» Directions: Nothing but the lines below from the one holding "1007 Michigan Street, Brighton, MI 48116" up to and including the one holding "19451 Sutton Ave - Photo 7 of 50" should be copied, exactly and without pictures.

-- Given data follows --

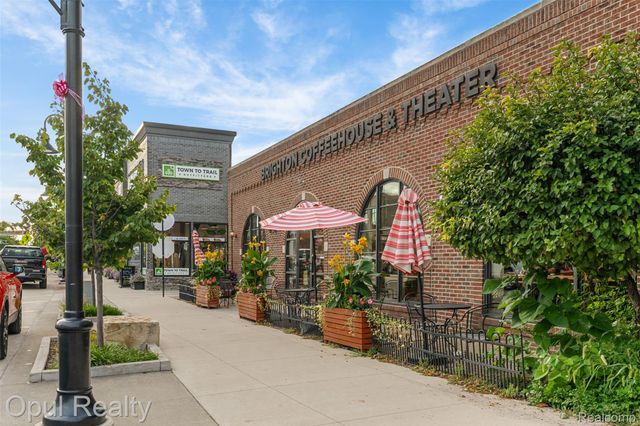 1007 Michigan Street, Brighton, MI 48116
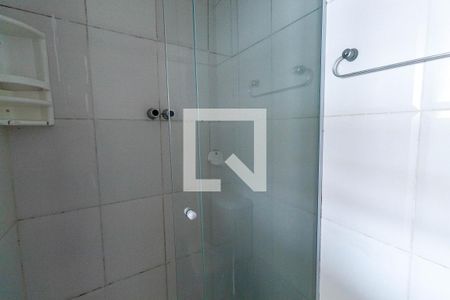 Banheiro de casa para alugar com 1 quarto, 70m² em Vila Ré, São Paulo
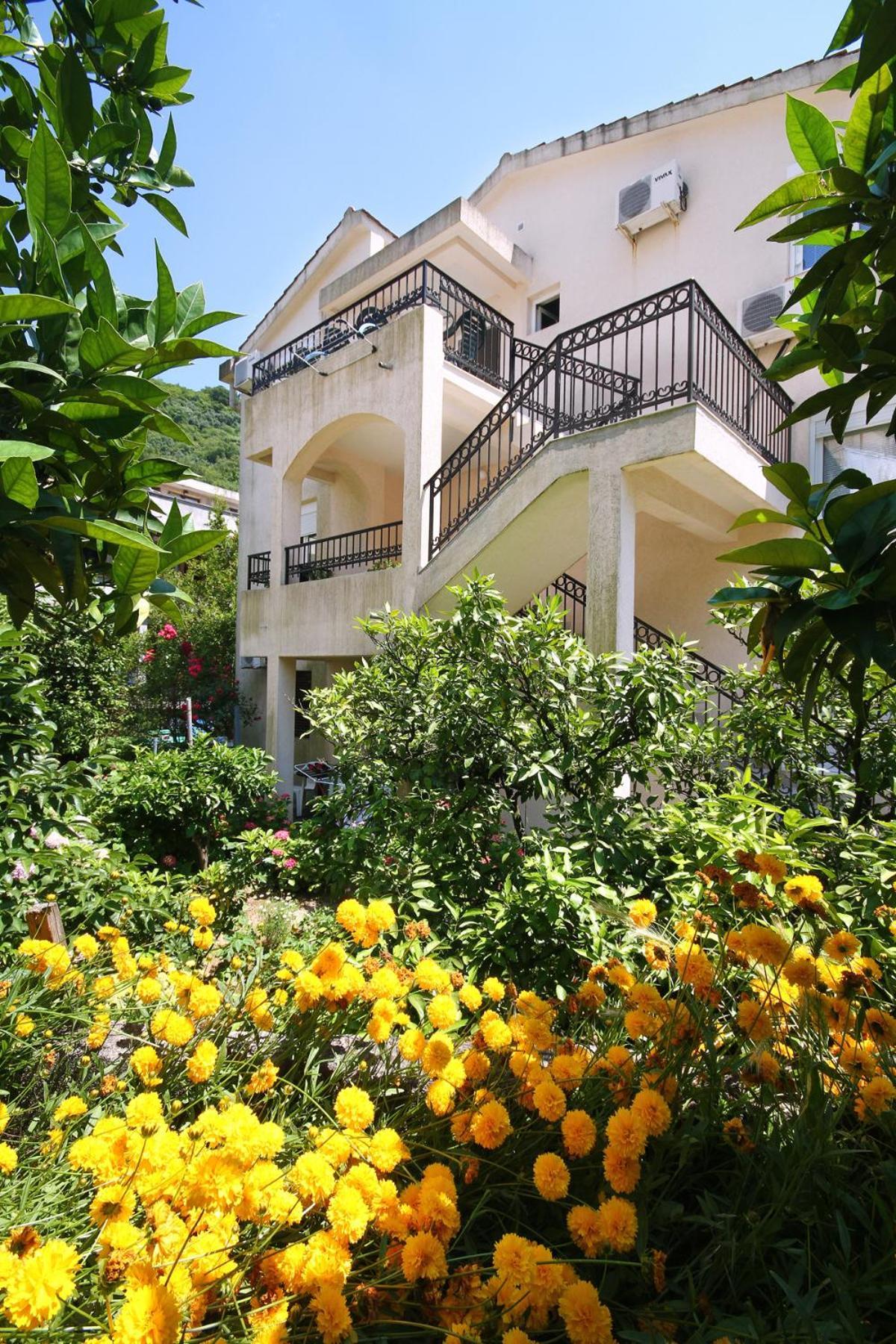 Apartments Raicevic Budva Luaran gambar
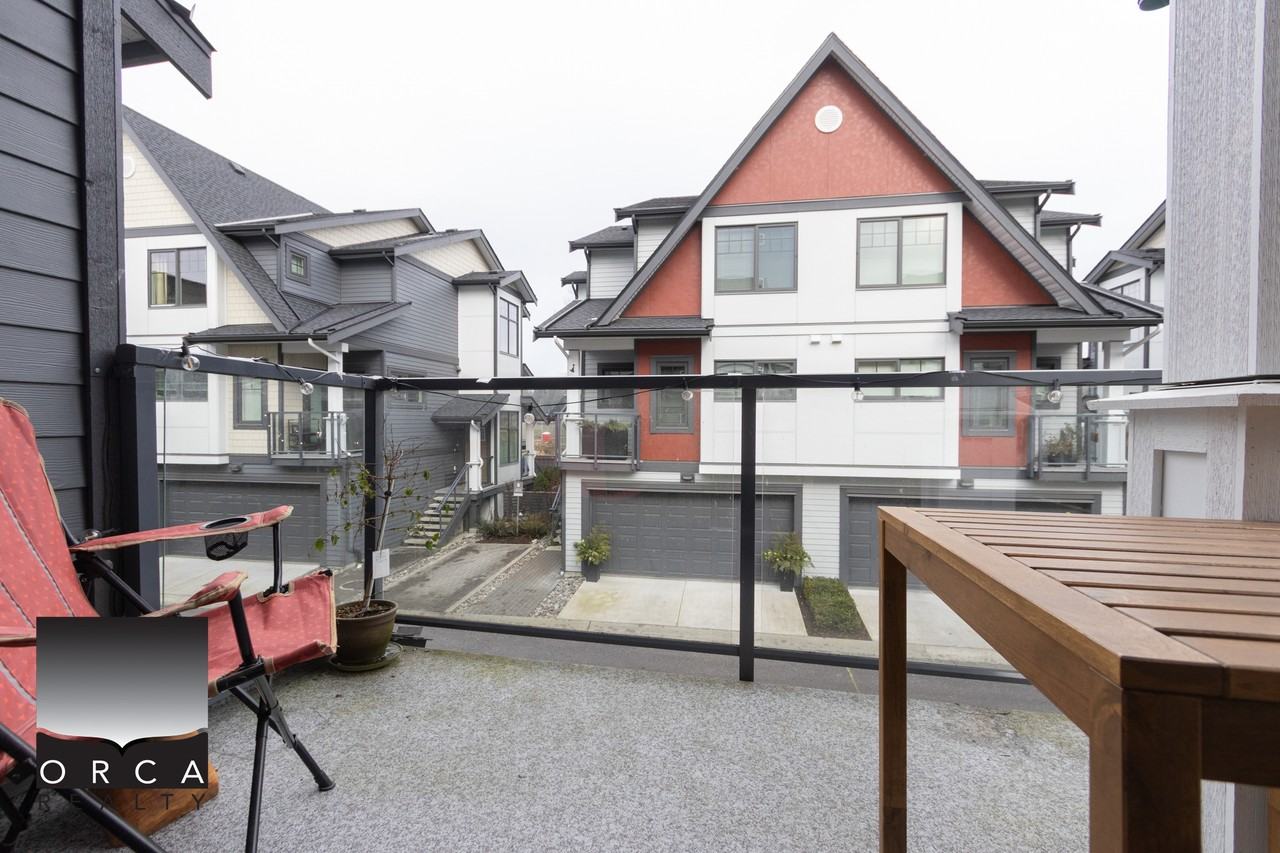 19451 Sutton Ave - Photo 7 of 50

-- Given data concluded --
-- Given data follows --

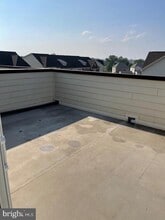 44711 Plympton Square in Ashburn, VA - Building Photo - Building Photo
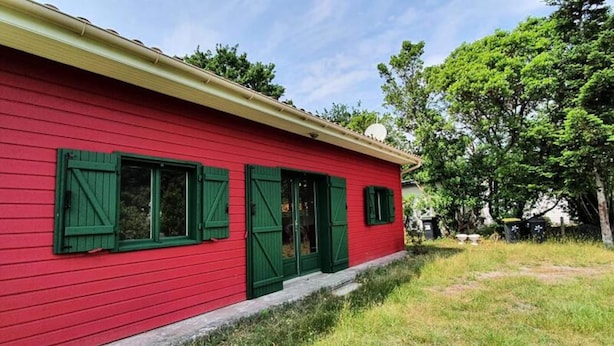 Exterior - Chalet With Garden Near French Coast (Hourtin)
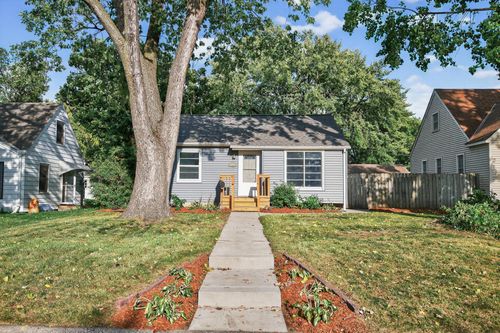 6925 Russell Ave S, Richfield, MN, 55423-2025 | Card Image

-- Given data concluded --

» Answer to the problem:
 1007 Michigan Street, Brighton, MI 48116
 Banheiro de casa para alugar com 1 quarto, 70m² em Vila Ré, São Paulo
 Apartments Raicevic Budva Luaran gambar
 19451 Sutton Ave - Photo 7 of 50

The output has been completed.